How can I retrieve the latest version
of the parquet files? Do I really have to loop through all the _delta_log
state files and rebuild the state? Or do I have to run VACCUM
to cleanup the old versions so I can get the most recent files?
There has to be a magic function.
Upvotes: 1
Views: 2600
Reputation: 12672
As Denny pointed out, if you just want to read the latest version of the table, then open it and Delta will automatically take care of figuring out what Parquet files to read based on the transaction log.
But to answer your question directly, say you really want to know what files are "active" for the latest version of the table (or any particular version, really).
There are two ways to do this without parsing the transaction log yourself.
The first method is using the built-in DataFrame method inputFiles()
:
data = (
spark.read
.format("delta")
# Optionally, load a prior version of the table.

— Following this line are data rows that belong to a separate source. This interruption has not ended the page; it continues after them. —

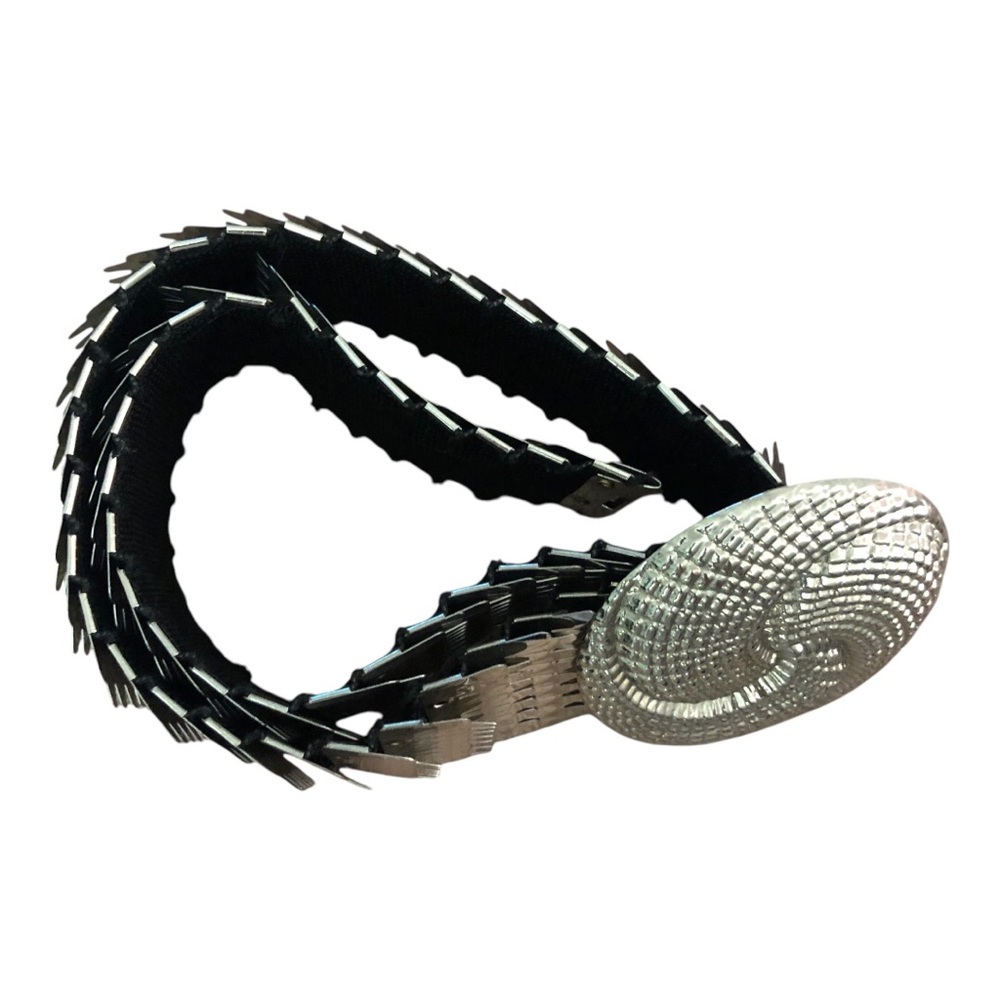 🌟Vintage Metal Belt Silver Snake Fish Scale Disco Elastic Stretch floral buckle🌟 - Picture 9 of 14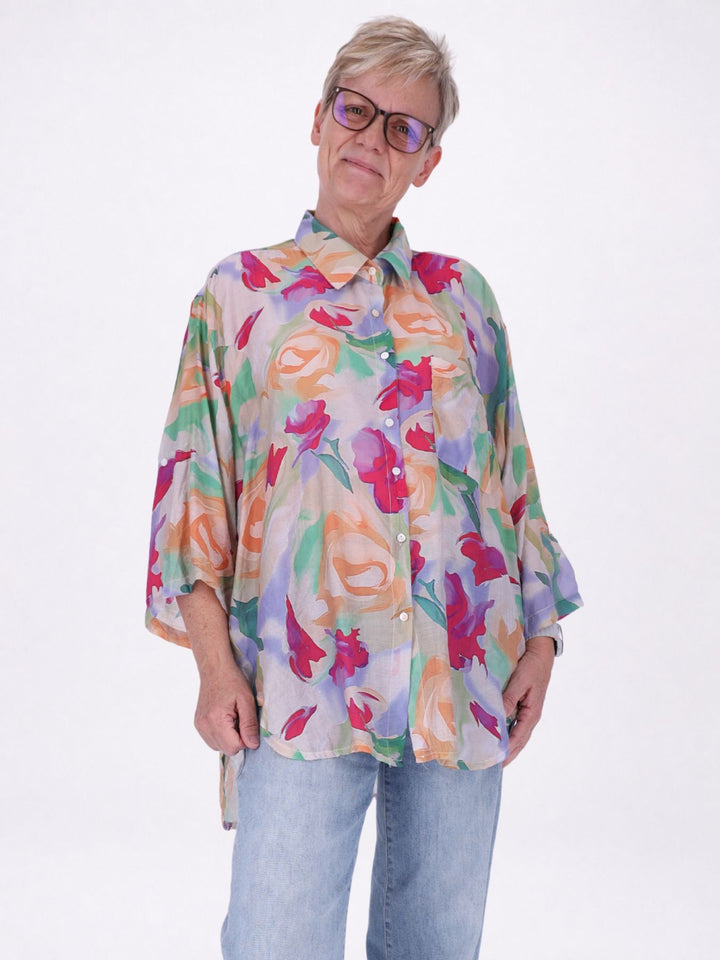 Bluse Damen Langarm Viskose AOP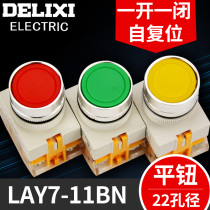 Delixi push button switch self-reset LAY7-11BN 22mm flat head one normally open one normally closed NP4-11BN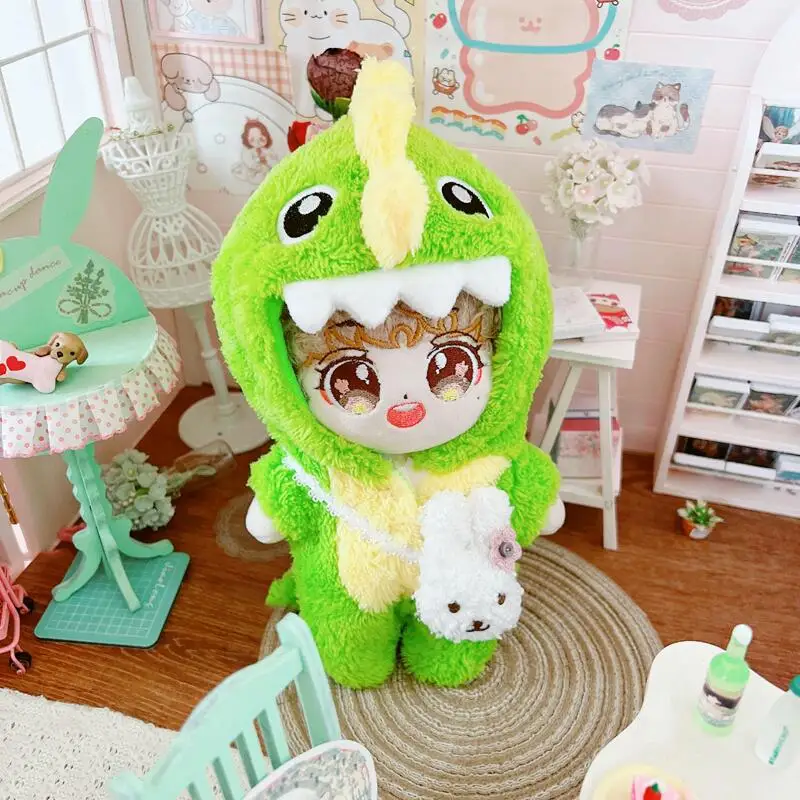 

20cm Cute Idol Doll Soft Stuffed Cotton Doll No Attributes Naked Fat Body Doll with Dinosaur Fluffy Clothes for Girls Boys Gifts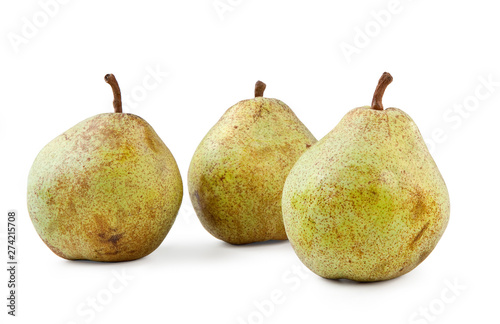 Decana Pears, Isolated on White Background – Arranged Group of Three Round Green Pears of Italian Cultivar from Emilia Region – Detailed Close-Up Macro on Skin, High Resolution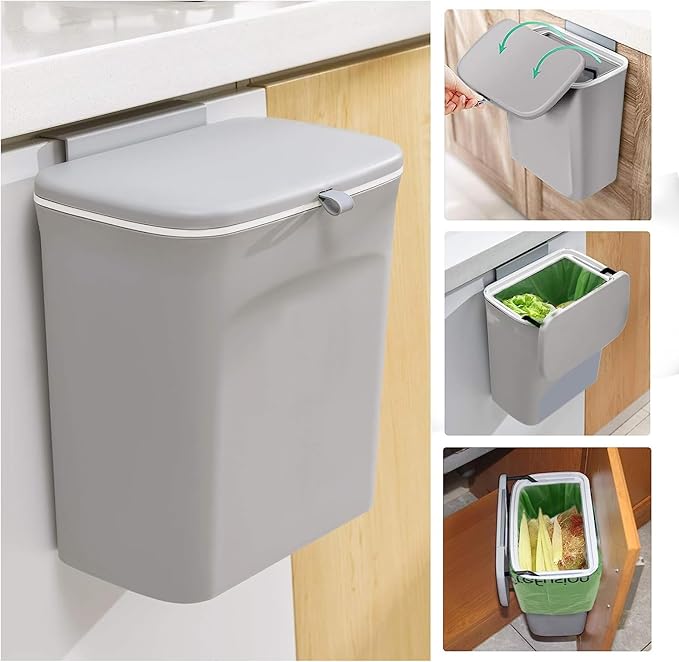 GreFusion 2.6 Gallon Compostable Trash Bags, 100 Count, Extra Thick 0.71 Mil, Certified by BPI and ASTM D6400, Perfect Fit for Small Trash Cans
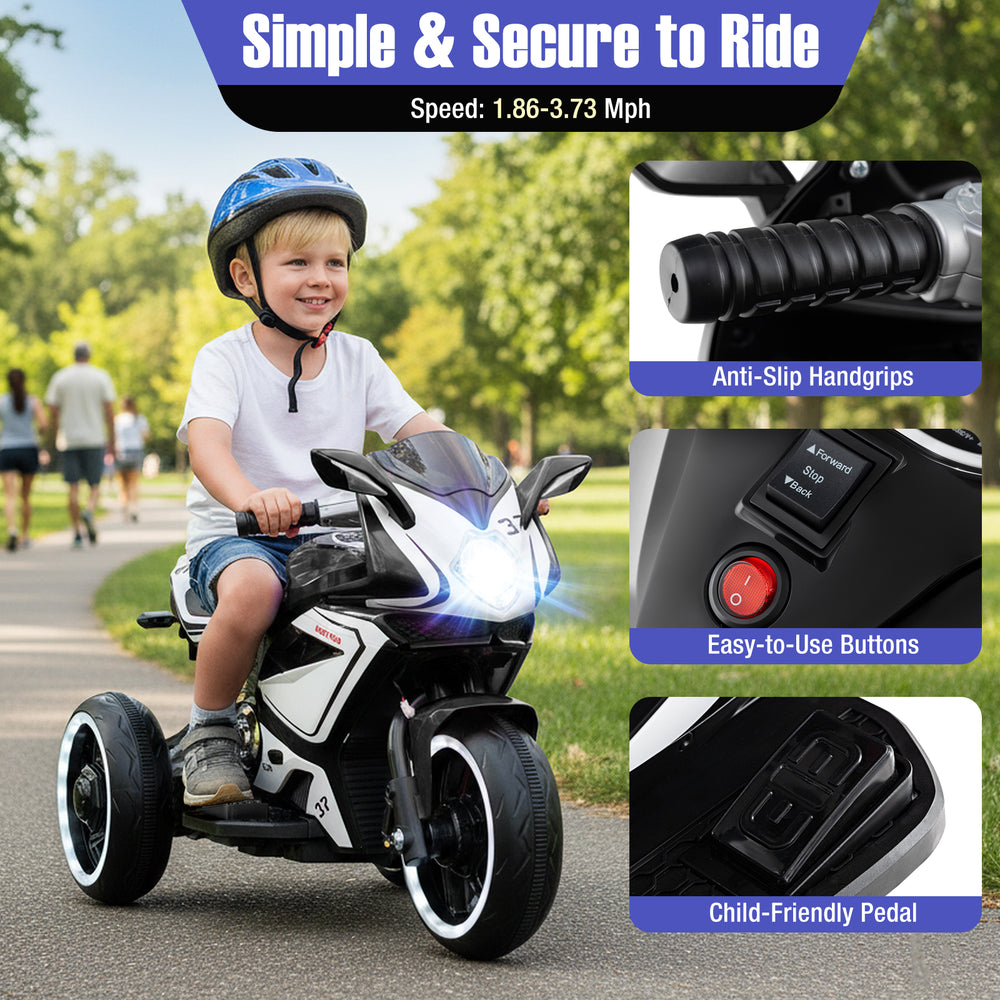 Kids ride-on motorcycle in black with LED lights, featuring anti-slip handgrips and a child-friendly pedal for safe fun.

# .option("versionAsOf", 0)
.load("/some/path/")
)
data.inputFiles()
This will return a list of paths for the files that make up the DataFrame as of the version you loaded:
[
'/some/path/part-00230-12fe099b-ad58-41dd-a5ca-bdb364534889.c000.snappy.parquet',
'/some/path/part-00095-18ee8194-19f7-4162-a055-53b040789042.c000.snappy.parquet',
...
]
Note that the docstring for this method states:
Returns a best-effort snapshot of the files that compose this DataFrame. ... Depending on the source relations, this may not find all input files.
However, for Delta tables, I believe this should be able to find all input files. The caveat applies more to other types of data sources that may not map neatly to files on a filesystem, like JDBC.
Another method is to use the file_uris()
method of the delta-rs project to do this.
import deltalake
table = deltalake.DeltaTable(
"/some/path",
# Optionally specify a table version to read.
# version=0,
)
table.file_uris()
Like with the inputFiles()
method, this will return a list of the Parquet files comprising the Delta table at the version you loaded:
[
'/some/path/part-00230-12fe099b-ad58-41dd-a5ca-bdb364534889.c000.snappy.parquet',
'/some/path/part-00095-18ee8194-19f7-4162-a055-53b040789042.c000.snappy.parquet',
...
]
Upvotes: 3
Reputation: 3254
Delta Lake itself tracks all of this information in its transaction log. When you query a Delta table with an engine or API that supports Delta Lake, underneath the covers it is reading this transaction log to determine what files make up that version of the table.
For your example, say the four files are:
/data
/date=2022-11-30
/region=usa
part-000001.parquet
part-000002.parquet
part-000003.parquet
part-000004.parquet
The Delta transaction log itself contains the path of the files for each table version, e.g.:
# VO | first version of the table
/data
/date=2022-11-30
/region=usa
part-000001.parquet
part-000002.parquet
# V1 | second version of the table
/data
/date=2022-11-30
/region=usa
part-000003.parquet
part-000004.parquet
You can use Delta Standalone if you want to use the Scala/JVM to get the list of files and/or Delta Rust to use the Delta Rust and/or Python bindings.
If you would like to do it in Spark SQL and/or dive into the details on this, please check out Diving into Delta Lake: Unpacking the Transaction Log which includes video, blog, and notebook on this topic. There is also a follow up video called Under the sediments v2.
Upvotes: 3